- Flag Coat of arms
- Location of Bosilovo Municipality
- Country: North Macedonia
- Region: Southeastern
- Municipal seat: Bosilovo

Government
- • Mayor: Risto Manchev

Area
- • Total: 161.99 km^{2} (62.54 sq mi)

Population
- • Total: 11,508
- Time zone: UTC+1 (CET)
- Vehicle registration: SR
- Website: www.opstinabosilovo.gov.mk

= Bosilovo Municipality =

Municipality of North Macedonia

Map of Bosilovo Municipality with its villages and their areas.

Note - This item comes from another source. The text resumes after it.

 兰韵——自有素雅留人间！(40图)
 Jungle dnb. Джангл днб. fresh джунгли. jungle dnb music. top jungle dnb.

Bosilovo (Општина Босилово, Opština Bosilovo) is a municipality in the southeast of North Macedonia. The village of Bosilovo is the municipal seat. Bosilovo Municipality is one of the ten municipalities that compose the Southeastern Statistical Region.

==Geography==
The municipality borders Vasilevo Municipality to the northwest, Berovo Municipality to the northeast, Novo Selo Municipality to the southeast, and Strumica Municipality to the southwest.

==Demographics==
According to the 2021 North Macedonia census, this municipality has a population of 11,508. Ethnic groups in the municipality include:

|  | 2002 |  | 2021 |  |
|  | Number | % | Number | % |
| TOTAL | 14,260 | 100 | 11,508 | 100 |
| Macedonians | 13,649 | 95.7 | 9,762 | 84.83 |
| Turks | 495 | 3.5 | 677 | 5.88 |
| Roma | 24 | 0.17 | 16 | 0.14 |
| Albanians |  |  | 7 | 0.06 |
| Serbs | 8 | 0.06 | 6 | 0.05 |
| Other / Undeclared / Unknown | 84 | 0.58 | 15 | 0.13 |
| Persons for whom data are taken from administrative sources |  |  | 1,025 | 8.91 |

Bosilovo Municipality, like neighboring Vasilovo, is notable for its higher concentration of Catholics than is typical for Macedonia which is overall mostly Orthodox and Muslim. In 2002, it was found that there were 959 Catholics, or 7.7% of the municipality's total population. Most of these Catholics are found in the towns of Radovo (where 823 Catholics make up 96.7% of all residents) and Petralinci (where 105 Catholics make up
17.4% of all residents).

==Inhabited places==
The municipality comprises 16 villages: Borievo, Bosilovo, Gečerlija, Drvoš, Ednokukjevo, Ilovica, Monospitovo, Petralinci, Radovo, Robovo, Saraj, Sekirnik, Staro Baldovci, Turnovo, Hamzali and Štuka.